Supplied information:
::::::::::

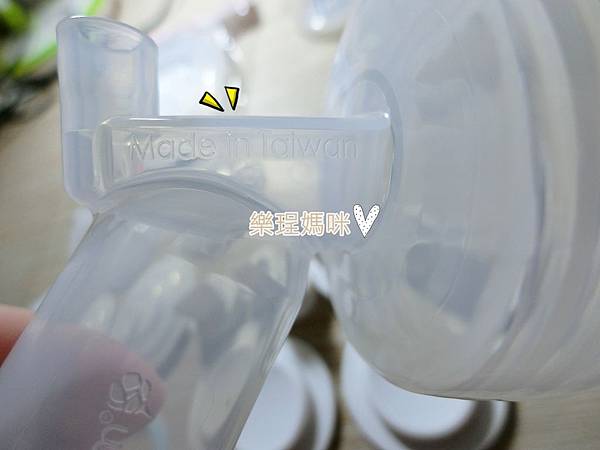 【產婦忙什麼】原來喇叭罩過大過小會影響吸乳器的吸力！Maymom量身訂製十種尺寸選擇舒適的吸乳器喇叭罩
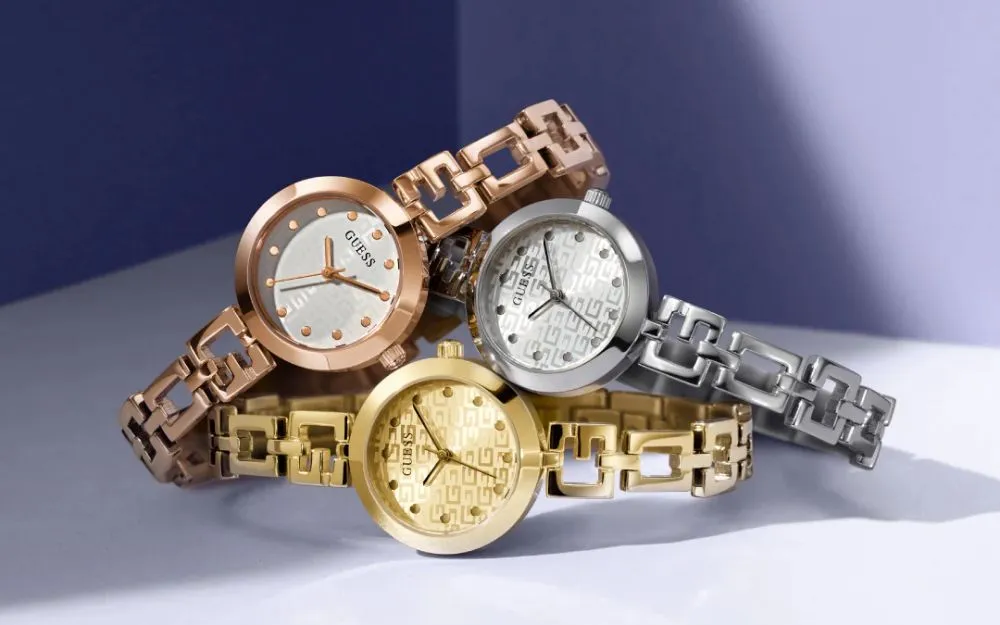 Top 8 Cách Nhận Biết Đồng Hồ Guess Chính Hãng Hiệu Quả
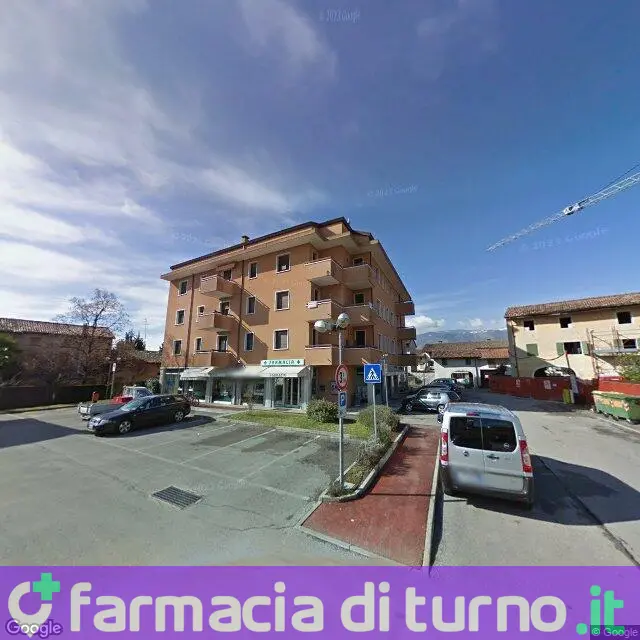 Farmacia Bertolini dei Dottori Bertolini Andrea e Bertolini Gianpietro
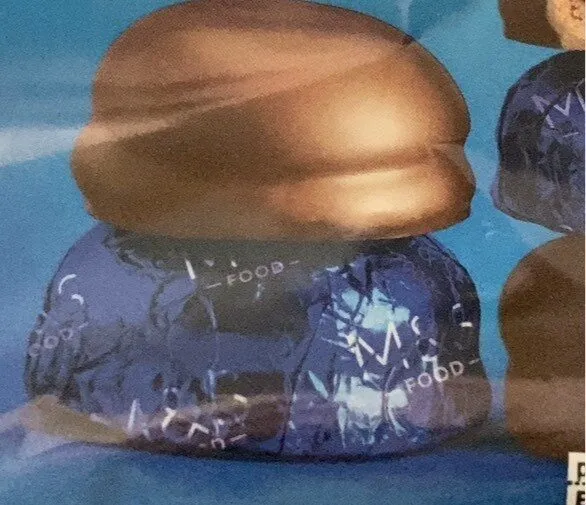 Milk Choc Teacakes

::::::::::

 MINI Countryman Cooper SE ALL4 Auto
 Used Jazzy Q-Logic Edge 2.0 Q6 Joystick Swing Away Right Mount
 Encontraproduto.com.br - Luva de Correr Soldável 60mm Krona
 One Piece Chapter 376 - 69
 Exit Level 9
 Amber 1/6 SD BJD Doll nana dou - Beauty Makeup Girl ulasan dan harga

::::::::::

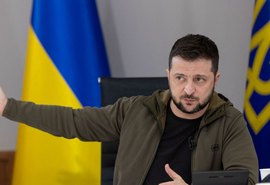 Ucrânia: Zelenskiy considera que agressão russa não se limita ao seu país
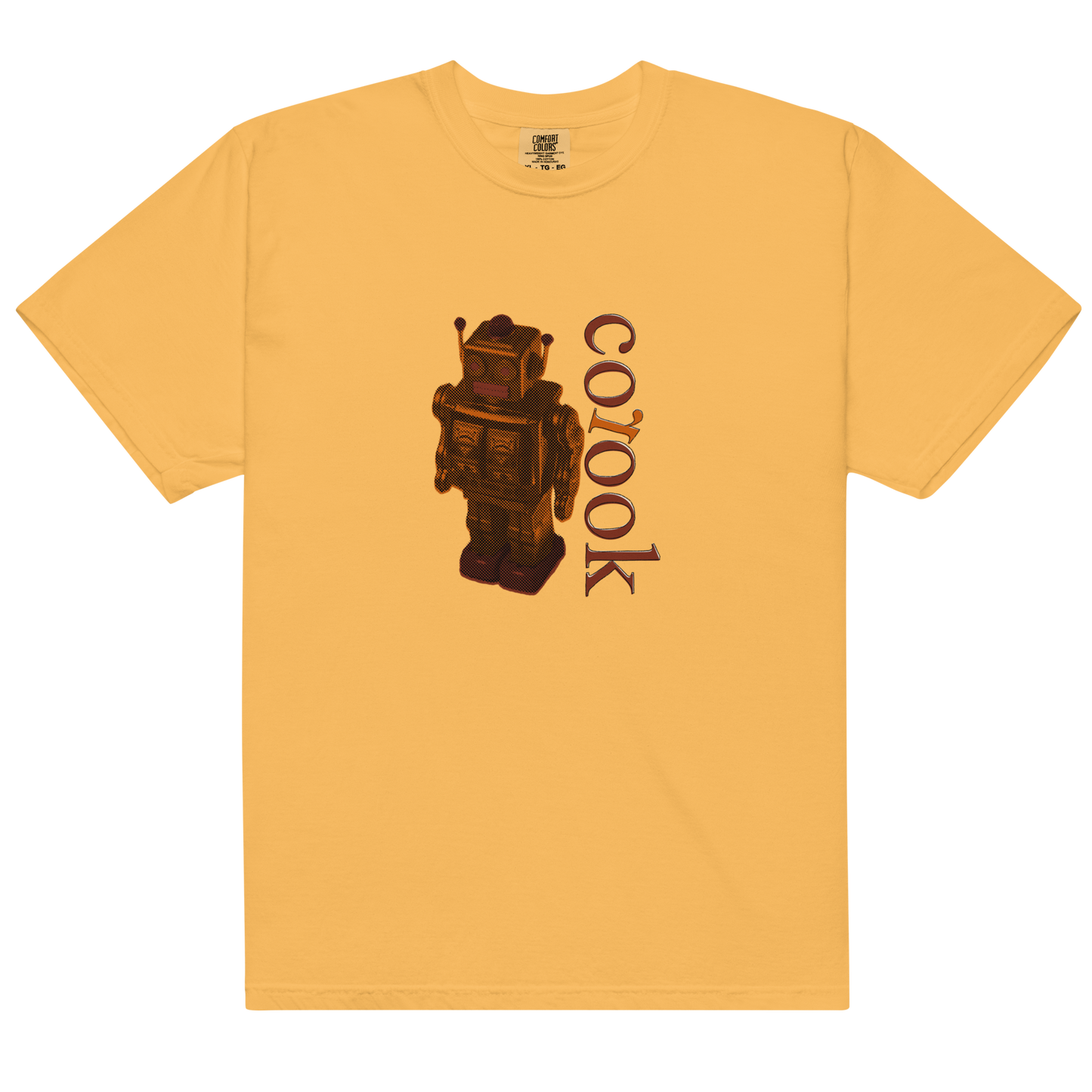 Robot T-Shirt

::::::::::

Exercise goal:
Transcribe each line of the data above, unaltered, from the one where "One Piece Chapter 376 - 69" appears to the one where "Amber 1/6 SD" appears, inclusive of both.

Expected answer:
 One Piece Chapter 376 - 69
 Exit Level 9
 Amber 1/6 SD BJD Doll nana dou - Beauty Makeup Girl ulasan dan harga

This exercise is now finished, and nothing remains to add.